I was cabling some pars yesterday, Ran my jumpers and headed back to the booth to test it out. I push up the fader -Nothing. Weird. Back on the ladder I inspect my connections. On one of my connectors the outer jacket had come off a little. looks like it was just stripped a little too far initially. But the real problem was that the exposed internal insulation had peeled off in places and the wires were touching each other. Finally I cut the ends off of the cable to prevent use.

But that's not the only thing that is awry with our cables. We have NW jumpers-solid core. They are stiff and don't coil nicely. I have even taken to calling it Hell Wire- their is only one place wire this evil could only be made in. They are the wrong product, and I have maybe 300 ft of the stuff and that's after throwing a bunch away. But who ever decided (who ever fulfilled the bid) to use NM used Rosco stage pin plugs, aren't those the most expensive stage pin plugs? 

Thankfully not all of our wire is romex, but not a single cable with either a Bates, ProPin, or Rosco connectors use a single strain relief. How stupid can you be! 1/2 the reason you use said connectors is the strain relief! 
_"Hmm I wonder what these funny lookin' plastic squares are, I better just throw them away."_

I really don't have time rewire all of my cables and It really isn't my job, I'm just a student. Hopefully they will be able to raise the money to build a new theater before I decommission every cable in the place.

But seriously have you ever seen NM jumpers?


----------



## avkid (Dec 6, 2009)

Call an inspector, electrician or safety officer now!!!!


----------



## fredthe (Dec 6, 2009)

Anvilx said:


> But seriously have you ever seen NM jumpers?


No, for the simple reason that it's not allowed. Throw out the rest of it NOW!

-Fred


----------



## Les (Dec 7, 2009)

Wait! Don't throw it out. Recycle it! They pay big money for that stuff. You may have to cut it into small pieces first though, otherwise the recycling company might be suspicious that you stole it.


----------



## avkid (Dec 7, 2009)

Les said:


> Wait! Don't throw it out. Recycle it! They pay big money for that stuff.


They used to.
It's nowhere near as valuable as it was a few years ago.


----------



## Lotos (Dec 7, 2009)

Les said:


> Wait! Don't throw it out.
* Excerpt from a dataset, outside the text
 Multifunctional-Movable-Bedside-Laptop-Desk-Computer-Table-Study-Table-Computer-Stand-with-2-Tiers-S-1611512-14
Recycle it! They pay big money for that stuff. You may have to cut it into small pieces first though, otherwise the recycling company might be suspicious that you stole it.


 
On that note... Point out to your supervisor that it is dangerous and illegal... Then politely suggest to the administration that THEY recycle it... Point out that Scrap Copper is worth $$$...

Do this on the understanding that the money they RECIEVE for the scrap goes into THIS years coffers. While in NEXT years budget, they set aside funds to purchase new cable.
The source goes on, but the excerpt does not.